## EXERCISE INSTRUCTIONS:
When you reach the line containing "300元以上名牌女士运动鞋,300元左右的包包推荐" in the entries below, begin reproducing lines exactly, and stop once the line containing "Usado Peugeot 208" is done.

(Recorded data)
※ ※ ※

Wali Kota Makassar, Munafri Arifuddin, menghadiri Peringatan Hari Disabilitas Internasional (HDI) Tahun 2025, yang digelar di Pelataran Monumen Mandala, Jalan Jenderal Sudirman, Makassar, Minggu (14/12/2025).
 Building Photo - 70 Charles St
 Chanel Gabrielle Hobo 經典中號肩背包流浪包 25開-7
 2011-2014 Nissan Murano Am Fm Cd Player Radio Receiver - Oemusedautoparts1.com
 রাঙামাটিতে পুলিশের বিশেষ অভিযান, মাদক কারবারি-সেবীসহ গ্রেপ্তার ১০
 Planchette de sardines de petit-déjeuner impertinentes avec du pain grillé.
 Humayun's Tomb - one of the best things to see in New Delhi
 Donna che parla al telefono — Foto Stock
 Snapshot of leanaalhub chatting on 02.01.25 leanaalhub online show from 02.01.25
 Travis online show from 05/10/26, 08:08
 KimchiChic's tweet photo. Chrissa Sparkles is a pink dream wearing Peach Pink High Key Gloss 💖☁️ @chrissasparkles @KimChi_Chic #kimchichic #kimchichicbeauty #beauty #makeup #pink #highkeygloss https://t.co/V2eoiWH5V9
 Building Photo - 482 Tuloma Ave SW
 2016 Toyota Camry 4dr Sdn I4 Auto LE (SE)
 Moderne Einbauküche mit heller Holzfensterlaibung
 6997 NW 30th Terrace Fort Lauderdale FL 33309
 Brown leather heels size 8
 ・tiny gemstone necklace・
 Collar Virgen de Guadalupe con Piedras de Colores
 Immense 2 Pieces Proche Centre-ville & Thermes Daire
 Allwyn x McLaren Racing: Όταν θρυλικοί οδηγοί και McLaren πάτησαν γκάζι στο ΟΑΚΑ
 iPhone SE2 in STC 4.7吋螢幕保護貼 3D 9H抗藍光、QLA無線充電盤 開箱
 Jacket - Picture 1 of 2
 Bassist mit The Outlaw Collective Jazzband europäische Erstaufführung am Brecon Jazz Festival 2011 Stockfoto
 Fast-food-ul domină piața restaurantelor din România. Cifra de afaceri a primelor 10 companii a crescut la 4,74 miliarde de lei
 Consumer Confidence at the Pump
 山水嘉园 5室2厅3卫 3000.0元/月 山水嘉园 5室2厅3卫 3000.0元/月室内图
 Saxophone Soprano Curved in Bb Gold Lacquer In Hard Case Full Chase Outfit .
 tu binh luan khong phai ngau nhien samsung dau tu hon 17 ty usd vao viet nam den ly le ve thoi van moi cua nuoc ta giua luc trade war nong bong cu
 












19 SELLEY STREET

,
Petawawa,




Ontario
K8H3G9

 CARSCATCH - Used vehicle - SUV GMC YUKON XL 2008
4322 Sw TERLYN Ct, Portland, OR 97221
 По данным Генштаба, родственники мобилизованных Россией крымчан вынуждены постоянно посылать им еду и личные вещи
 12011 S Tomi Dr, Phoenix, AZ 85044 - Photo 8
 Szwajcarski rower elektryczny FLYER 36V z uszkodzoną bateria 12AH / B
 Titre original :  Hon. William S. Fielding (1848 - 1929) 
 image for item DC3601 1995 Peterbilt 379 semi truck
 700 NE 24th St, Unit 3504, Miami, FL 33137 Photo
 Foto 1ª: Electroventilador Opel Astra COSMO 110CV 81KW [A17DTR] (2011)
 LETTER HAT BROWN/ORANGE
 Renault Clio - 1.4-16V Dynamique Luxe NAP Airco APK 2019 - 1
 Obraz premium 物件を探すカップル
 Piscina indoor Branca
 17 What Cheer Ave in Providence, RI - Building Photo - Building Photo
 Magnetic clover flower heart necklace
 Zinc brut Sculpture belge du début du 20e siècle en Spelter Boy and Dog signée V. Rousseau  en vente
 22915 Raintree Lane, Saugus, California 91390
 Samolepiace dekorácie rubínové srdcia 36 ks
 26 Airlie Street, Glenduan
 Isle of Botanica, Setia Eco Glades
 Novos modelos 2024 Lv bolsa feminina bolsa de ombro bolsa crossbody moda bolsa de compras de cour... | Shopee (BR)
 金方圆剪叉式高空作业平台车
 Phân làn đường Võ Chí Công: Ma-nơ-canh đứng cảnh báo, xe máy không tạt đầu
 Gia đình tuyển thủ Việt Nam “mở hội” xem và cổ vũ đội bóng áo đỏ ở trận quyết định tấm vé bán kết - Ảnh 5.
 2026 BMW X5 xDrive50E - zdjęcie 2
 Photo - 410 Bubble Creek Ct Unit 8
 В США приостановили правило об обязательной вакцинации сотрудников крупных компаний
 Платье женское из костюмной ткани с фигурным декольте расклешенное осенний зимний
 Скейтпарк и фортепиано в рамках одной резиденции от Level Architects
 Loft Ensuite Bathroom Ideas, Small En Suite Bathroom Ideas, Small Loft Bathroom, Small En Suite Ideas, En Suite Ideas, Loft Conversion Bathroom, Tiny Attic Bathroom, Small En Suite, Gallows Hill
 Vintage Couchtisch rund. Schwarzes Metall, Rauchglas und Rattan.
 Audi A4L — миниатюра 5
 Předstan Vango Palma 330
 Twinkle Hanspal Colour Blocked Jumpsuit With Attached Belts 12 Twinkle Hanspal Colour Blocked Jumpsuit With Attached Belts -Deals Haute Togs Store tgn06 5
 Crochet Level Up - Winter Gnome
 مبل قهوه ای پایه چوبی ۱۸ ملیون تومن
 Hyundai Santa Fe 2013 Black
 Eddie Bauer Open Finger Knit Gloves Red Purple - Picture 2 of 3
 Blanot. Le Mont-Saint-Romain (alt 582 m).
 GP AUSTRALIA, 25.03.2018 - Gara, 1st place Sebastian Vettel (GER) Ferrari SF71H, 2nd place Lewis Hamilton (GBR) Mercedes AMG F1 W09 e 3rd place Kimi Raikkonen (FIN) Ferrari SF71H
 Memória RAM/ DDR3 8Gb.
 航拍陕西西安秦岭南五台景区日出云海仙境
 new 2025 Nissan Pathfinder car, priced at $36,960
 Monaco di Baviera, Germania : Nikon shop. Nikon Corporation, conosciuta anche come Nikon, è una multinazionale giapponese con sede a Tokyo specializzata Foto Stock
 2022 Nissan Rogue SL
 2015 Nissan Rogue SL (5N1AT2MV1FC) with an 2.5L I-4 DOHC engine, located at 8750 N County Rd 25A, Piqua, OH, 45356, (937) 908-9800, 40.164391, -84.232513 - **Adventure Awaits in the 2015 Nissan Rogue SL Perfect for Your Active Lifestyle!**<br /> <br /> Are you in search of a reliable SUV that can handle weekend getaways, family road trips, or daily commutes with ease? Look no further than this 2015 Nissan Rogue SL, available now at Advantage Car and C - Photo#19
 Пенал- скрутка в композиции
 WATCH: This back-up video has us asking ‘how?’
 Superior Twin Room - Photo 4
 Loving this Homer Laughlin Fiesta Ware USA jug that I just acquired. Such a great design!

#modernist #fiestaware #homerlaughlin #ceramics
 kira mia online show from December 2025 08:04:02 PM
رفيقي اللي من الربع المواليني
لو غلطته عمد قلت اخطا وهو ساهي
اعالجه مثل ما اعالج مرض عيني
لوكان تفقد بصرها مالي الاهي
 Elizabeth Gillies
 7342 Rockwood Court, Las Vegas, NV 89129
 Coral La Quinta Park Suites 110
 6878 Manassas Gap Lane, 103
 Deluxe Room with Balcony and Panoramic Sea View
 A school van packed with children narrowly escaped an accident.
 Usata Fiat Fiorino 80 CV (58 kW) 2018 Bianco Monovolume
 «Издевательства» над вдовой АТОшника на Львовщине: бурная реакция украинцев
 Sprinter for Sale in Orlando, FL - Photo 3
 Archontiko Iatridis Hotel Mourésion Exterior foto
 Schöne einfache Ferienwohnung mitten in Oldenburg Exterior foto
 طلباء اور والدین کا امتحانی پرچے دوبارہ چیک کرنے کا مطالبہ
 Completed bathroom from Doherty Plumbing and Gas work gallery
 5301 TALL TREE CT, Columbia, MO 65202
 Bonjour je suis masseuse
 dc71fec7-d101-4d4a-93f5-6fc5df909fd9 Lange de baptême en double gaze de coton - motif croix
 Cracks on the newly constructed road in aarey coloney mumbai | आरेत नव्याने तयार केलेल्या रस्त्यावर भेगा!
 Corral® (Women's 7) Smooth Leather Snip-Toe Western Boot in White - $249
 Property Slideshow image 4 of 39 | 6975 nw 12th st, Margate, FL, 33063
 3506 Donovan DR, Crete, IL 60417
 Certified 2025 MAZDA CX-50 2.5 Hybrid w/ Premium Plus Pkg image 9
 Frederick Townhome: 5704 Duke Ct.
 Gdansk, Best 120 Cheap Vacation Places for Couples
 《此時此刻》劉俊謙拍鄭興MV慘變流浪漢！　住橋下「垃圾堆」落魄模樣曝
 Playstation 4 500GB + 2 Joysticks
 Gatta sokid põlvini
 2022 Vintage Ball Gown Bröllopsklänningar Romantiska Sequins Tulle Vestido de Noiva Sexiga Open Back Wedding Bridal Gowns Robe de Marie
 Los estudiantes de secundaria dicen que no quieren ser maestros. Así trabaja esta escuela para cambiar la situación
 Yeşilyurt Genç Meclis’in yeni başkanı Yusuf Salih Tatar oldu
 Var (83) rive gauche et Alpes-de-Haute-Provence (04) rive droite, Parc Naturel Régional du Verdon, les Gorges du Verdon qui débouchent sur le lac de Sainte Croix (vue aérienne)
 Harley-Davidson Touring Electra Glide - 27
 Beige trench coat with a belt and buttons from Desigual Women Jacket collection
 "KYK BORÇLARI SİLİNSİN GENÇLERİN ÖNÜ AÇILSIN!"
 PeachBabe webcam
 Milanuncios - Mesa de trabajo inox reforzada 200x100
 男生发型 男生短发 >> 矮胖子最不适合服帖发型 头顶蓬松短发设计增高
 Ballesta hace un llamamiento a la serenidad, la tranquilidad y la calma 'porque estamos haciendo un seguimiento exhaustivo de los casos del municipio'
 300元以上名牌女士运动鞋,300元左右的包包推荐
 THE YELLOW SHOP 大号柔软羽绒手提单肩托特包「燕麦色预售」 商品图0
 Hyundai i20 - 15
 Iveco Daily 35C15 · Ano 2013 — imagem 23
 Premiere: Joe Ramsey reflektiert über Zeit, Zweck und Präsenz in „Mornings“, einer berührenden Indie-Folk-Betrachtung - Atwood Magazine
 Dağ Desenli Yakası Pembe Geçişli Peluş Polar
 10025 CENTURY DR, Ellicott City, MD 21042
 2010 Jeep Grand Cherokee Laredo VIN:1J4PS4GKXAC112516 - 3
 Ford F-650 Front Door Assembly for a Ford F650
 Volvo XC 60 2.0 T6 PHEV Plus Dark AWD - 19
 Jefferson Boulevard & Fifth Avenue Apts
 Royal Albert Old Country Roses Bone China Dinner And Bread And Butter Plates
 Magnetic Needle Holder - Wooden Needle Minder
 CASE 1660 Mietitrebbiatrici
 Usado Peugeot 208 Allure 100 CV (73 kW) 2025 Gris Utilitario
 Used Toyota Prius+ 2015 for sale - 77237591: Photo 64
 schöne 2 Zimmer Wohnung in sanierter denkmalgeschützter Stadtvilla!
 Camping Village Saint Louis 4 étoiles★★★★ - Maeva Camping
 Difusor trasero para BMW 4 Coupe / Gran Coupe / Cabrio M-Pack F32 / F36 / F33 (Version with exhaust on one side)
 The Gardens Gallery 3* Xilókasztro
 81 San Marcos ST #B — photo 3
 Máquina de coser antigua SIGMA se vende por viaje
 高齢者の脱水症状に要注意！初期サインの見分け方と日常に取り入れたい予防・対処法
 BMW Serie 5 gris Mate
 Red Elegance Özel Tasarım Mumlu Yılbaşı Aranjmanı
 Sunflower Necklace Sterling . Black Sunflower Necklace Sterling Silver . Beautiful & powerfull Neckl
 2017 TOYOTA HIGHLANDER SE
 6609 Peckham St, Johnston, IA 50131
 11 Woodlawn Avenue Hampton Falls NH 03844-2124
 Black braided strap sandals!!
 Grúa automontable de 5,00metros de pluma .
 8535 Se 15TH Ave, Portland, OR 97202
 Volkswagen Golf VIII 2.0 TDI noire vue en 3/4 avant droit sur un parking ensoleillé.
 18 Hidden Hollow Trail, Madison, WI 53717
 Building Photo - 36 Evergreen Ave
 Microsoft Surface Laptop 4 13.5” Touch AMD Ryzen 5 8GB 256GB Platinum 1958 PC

※ ※ ※

## SOLUTION:
 300元以上名牌女士运动鞋,300元左右的包包推荐
 THE YELLOW SHOP 大号柔软羽绒手提单肩托特包「燕麦色预售」 商品图0
 Hyundai i20 - 15
 Iveco Daily 35C15 · Ano 2013 — imagem 23
 Premiere: Joe Ramsey reflektiert über Zeit, Zweck und Präsenz in „Mornings“, einer berührenden Indie-Folk-Betrachtung - Atwood Magazine
 Dağ Desenli Yakası Pembe Geçişli Peluş Polar
 10025 CENTURY DR, Ellicott City, MD 21042
 2010 Jeep Grand Cherokee Laredo VIN:1J4PS4GKXAC112516 - 3
 Ford F-650 Front Door Assembly for a Ford F650
 Volvo XC 60 2.0 T6 PHEV Plus Dark AWD - 19
 Jefferson Boulevard & Fifth Avenue Apts
 Royal Albert Old Country Roses Bone China Dinner And Bread And Butter Plates
 Magnetic Needle Holder - Wooden Needle Minder
 CASE 1660 Mietitrebbiatrici
 Usado Peugeot 208 Allure 100 CV (73 kW) 2025 Gris Utilitario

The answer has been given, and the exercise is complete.